The implementation of the No Surprises Act, beginning this month, only makes billing data and analytics more important to providers and insurers. I wouldn’t be shocked to see Oracle/Cerner trying to capture some of that.
After all, Cerner executives hinted at broader data ambitions prior to the acquisition. In an interview in October 2020, Dan Devers, Cerner's senior vice president of cloud strategy, noted:
Moving forward, I think Cerner will look more like a health platform company and less like an EHR company. As you play out the trend in healthcare, I see Cerner very much operating at the health network level, so beyond the enterprise of a single health system. Given the power of the cloud and the work we’re doing, I see Cerner having much more relevance into broader networks and providing nationwide capabilities.
This is in line with the analysis of Lee Shapiro of 7wireVentures, who said in an email to MobiHealthNews that “Electronic health records and billing systems are pervasive in the industry, so the next frontier will be on leveraging the data that comes from these systems to improve health.”

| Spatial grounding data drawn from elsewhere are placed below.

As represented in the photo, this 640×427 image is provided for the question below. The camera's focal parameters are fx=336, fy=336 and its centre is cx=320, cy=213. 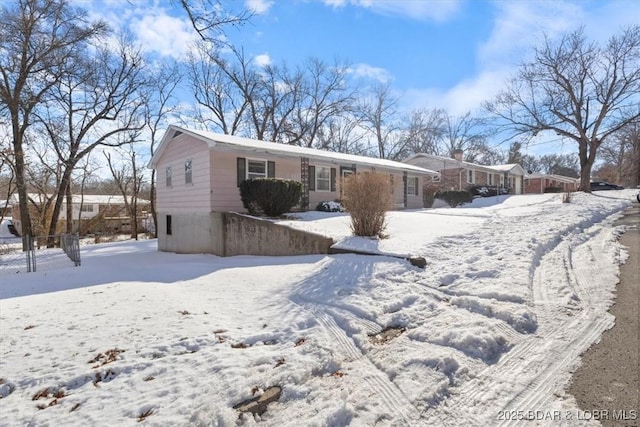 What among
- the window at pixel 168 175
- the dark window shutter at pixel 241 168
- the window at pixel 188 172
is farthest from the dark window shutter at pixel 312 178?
the window at pixel 168 175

One area that this acquisition doesn’t seem targeted at remaking is the EHR market. Padmanabhan argued to HIMSSTV that the biggest threat to Epic probably comes from Cerner having greater access to talent. This might be an edge that helps Oracle/Cerner pull ahead in the oligopolistic EHR market. But in all likelihood, current Epic users and current Cerner users will stay with their chosen software.
For all my deep reading of press releases, Oracle’s strategy here is unclear. Maybe Oracle will really find a way to bring voice recognition to the clinic. Maybe the company will fail at that but succeed in leveraging the Cerner acquisition into data analysis that competes with giants like UHG.
It seems likely that Oracle is making a run at healthcare data—but, depending on execution, all the public may ever see is a continuation of Cerner’s software with a little extra Oracle branding thrown in.
This information shouldn’t be taken as investment advice (obviously), and the opinions expressed are entirely my own, not representative of my employer or anyone else.